Felix's own experience with ThreeKindWords.com illustrates this perfectly. The project, a minimalist web app he built to let users send anonymous, timed postcards of kindness, started as a quiet experiment with a modest goal: ship 300 cards in a year. But when a blog post detailing its creation landed on Hacker News' front page, traffic exploded. Thousands visited the site, flooding Felix with feedback and propelling over 200 cards into the wild—far exceeding his initial target. As he writes, "That single post was responsible for moving over 200 cards. If we don’t write, and if we don’t share, it’s like sitting on the bank, watching the water, hoping for fish dinner… but with no net, no pole, no line."

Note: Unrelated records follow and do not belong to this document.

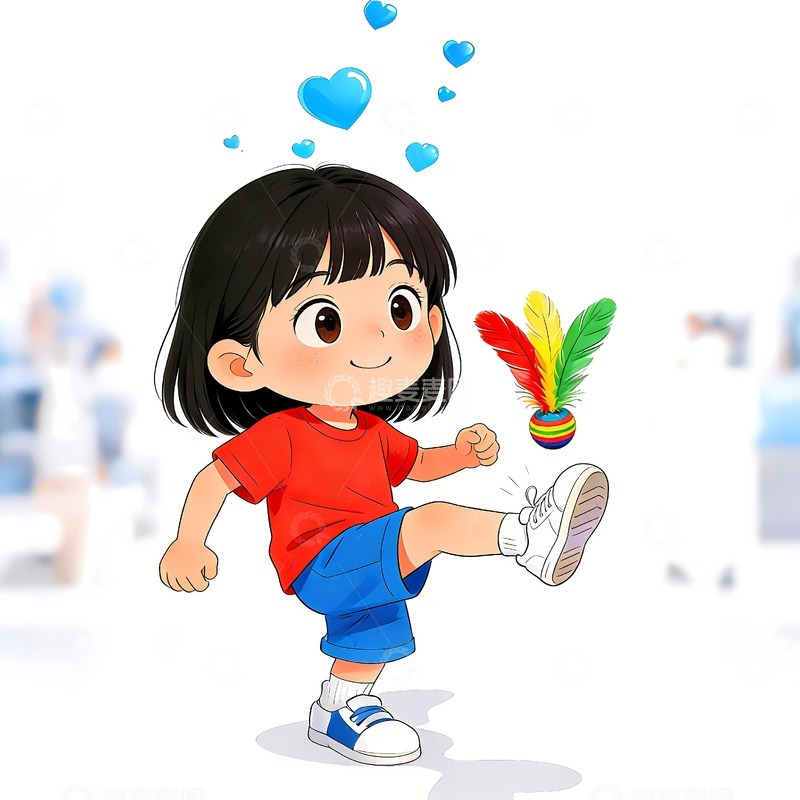 高清大图下载【趣麦麦图】踢毽子的小女孩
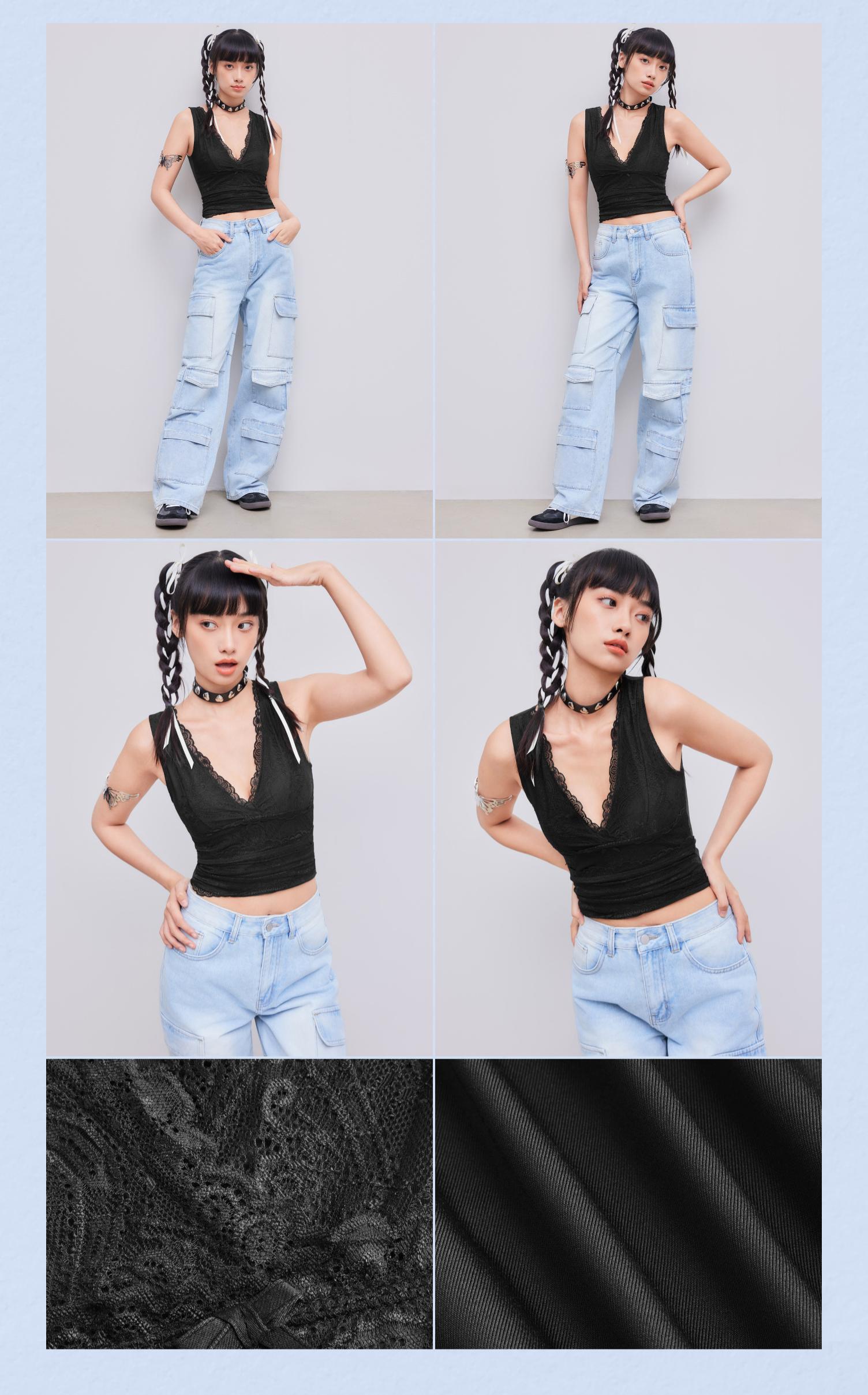 Cider Women's V-Neck Stretchy Lace Crop Tank Top with Bowknot, Spring Layering Camisoles, Y2K Stretch Fit Sleeveless Blouse, Ladies Lightweight Bow Detail Tops, Urban Chic Spring Fashion, Casual Stretch-Waist Summer Tops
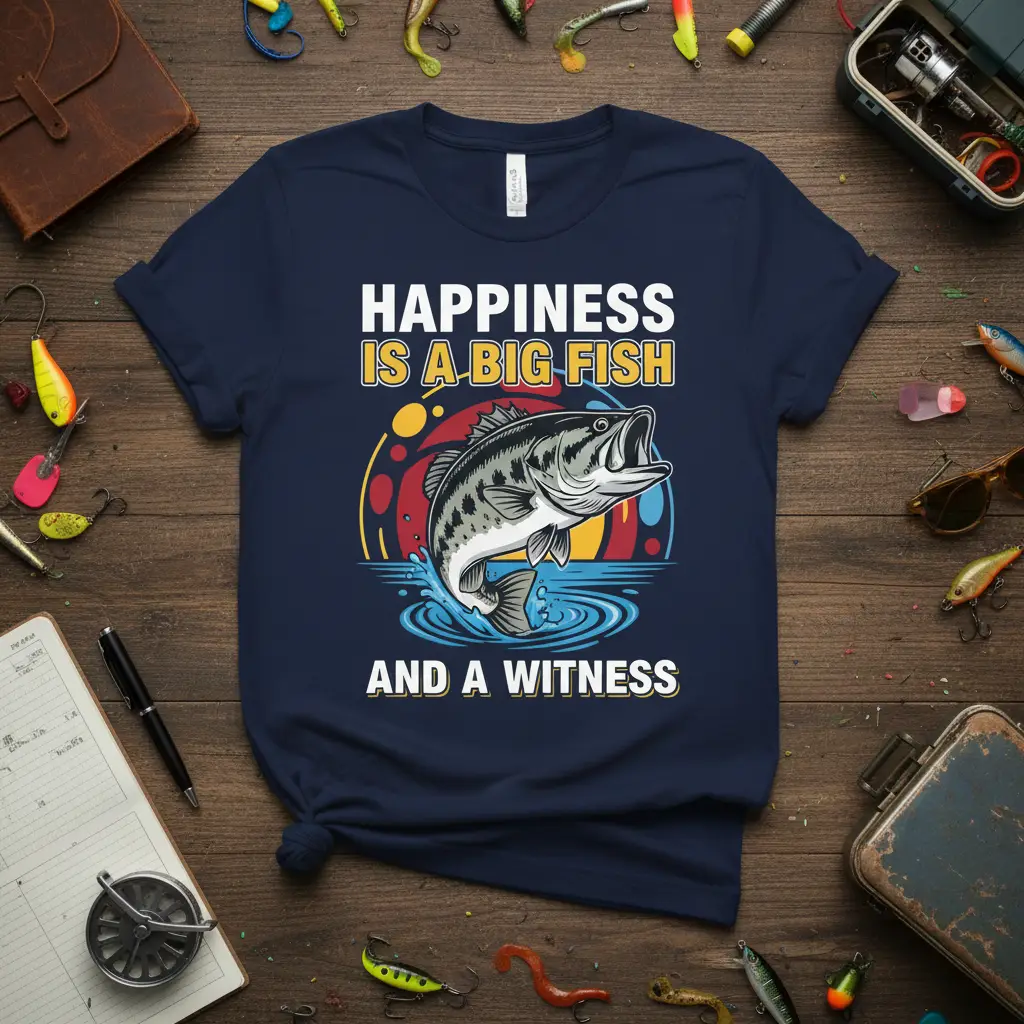 Happiness Is A Big Fish And A Witness quote with jumping bass graphic on a navy blue fishing t-shirt
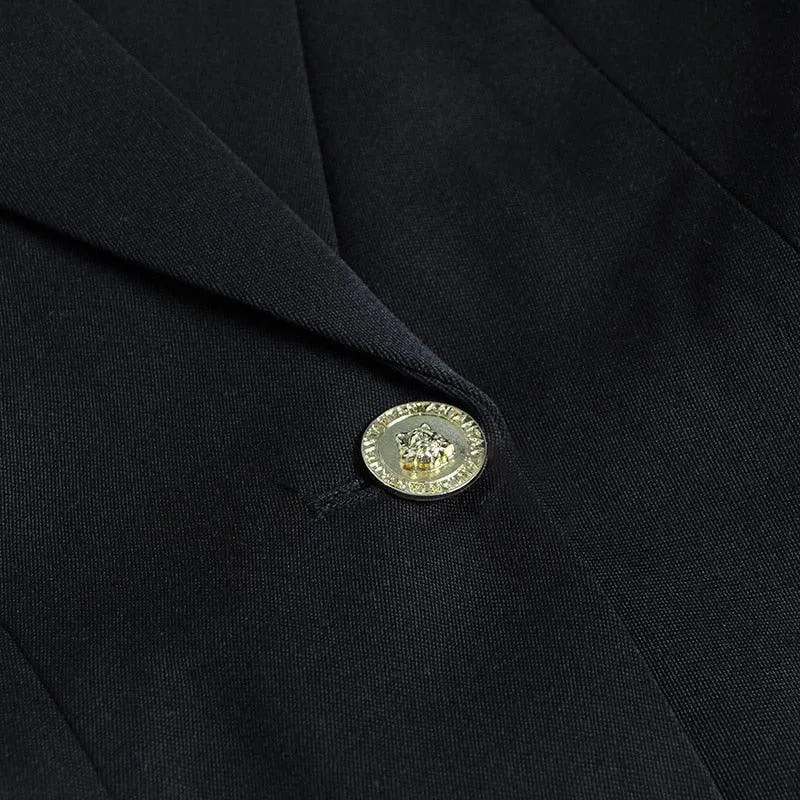 Hollow Out Pin Spliced Jacket Blazer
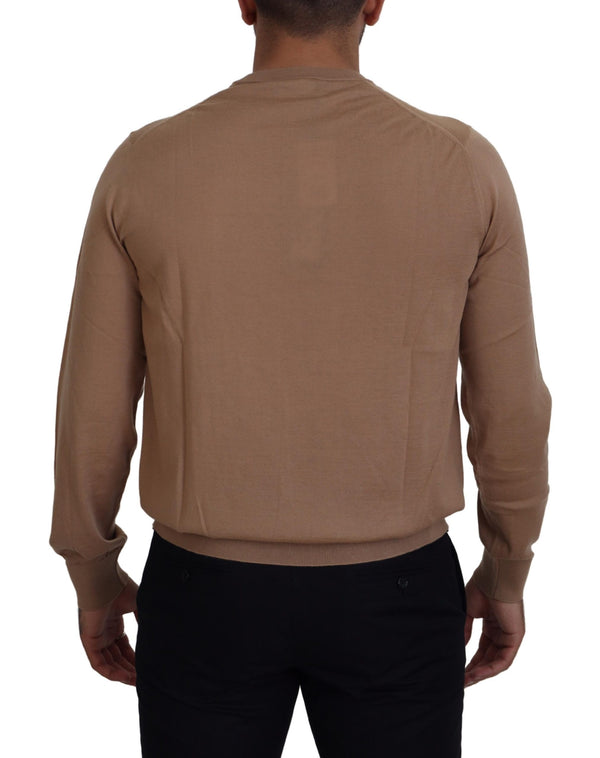 Pullover in cashmere beige a girocollo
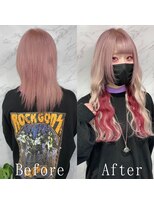 あるじゃんすー 京都店&nbsp;ホワイトベージュ×チェリーピンク#シールエクステ#京都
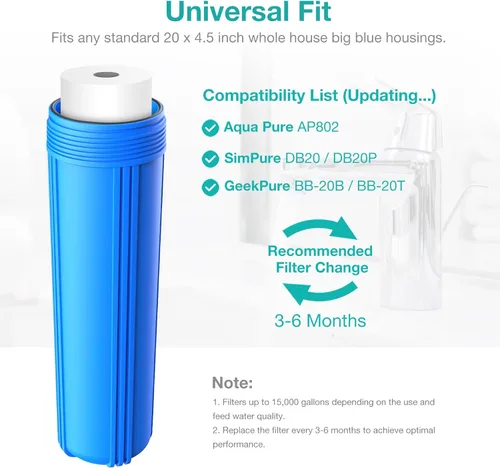 Miniatura 7 de SimPure Filtros de agua de sedimentos, 5 micrones, 20 x 4.5 pulgadas, repuesto para toda la casa compatible con SimPure DB20 Blue Housing, WGB22B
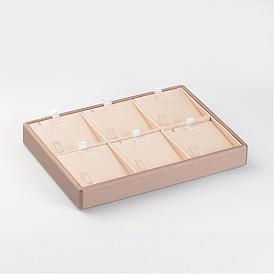 Wooden Necklaces Presentation Boxes, Covered with PU Leather, 18x25x3.2cm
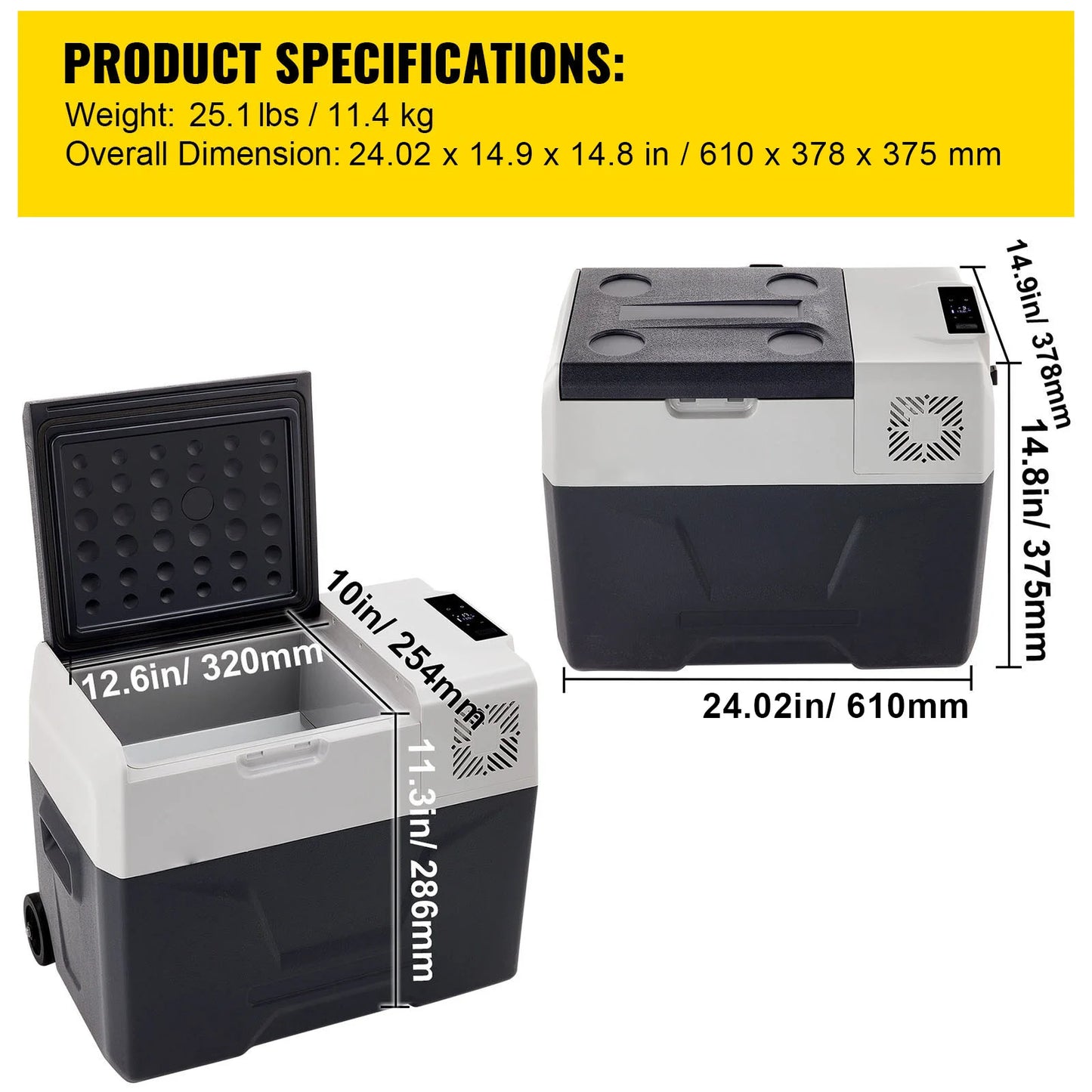 Succebuy 20/22/35/45/55L Car Refrigerator Mini Fridge Freezer Portable Compressor Cooler 12/24V DC 110-240V Ice Box for Camping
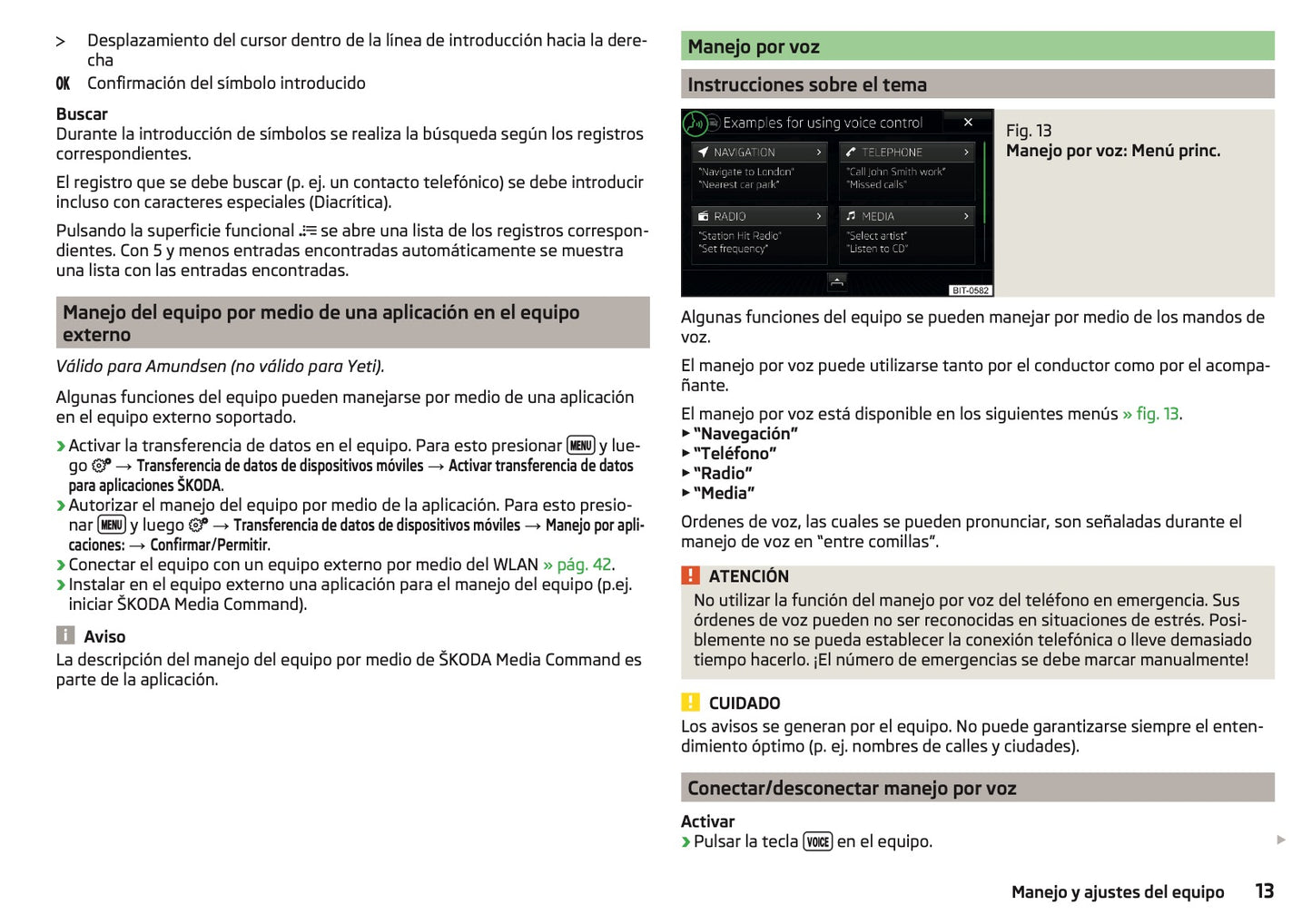 Skoda Admundsen y Bolero Manual de Instrucciones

"We can’t expect anything to come back if we don’t send something out," Felix emphasizes, capturing the core lesson for tech professionals.

For developers and engineers, this isn't just a poetic metaphor—it's a tactical reminder of the power of visibility in a crowded digital ecosystem. Sharing work, even imperfectly, builds serendipity into the innovation process. A simple blog post can transform a side project into a community touchstone, attract collaborators, or surface critical insights from peers. In an age where AI scrapes the web for training data, your words might fuel the next breakthrough, while platforms like Hacker News remain potent amplifiers for technical content.

Felix urges creators to embrace the uncertainty: cast your nets consistently, celebrate the small wins, and trust that the act of sharing itself—whether through code snippets, tutorials, or personal essays—creates ripples far beyond immediate metrics. After all, as his story shows, you never know when a single cast might hook a wave that changes everything.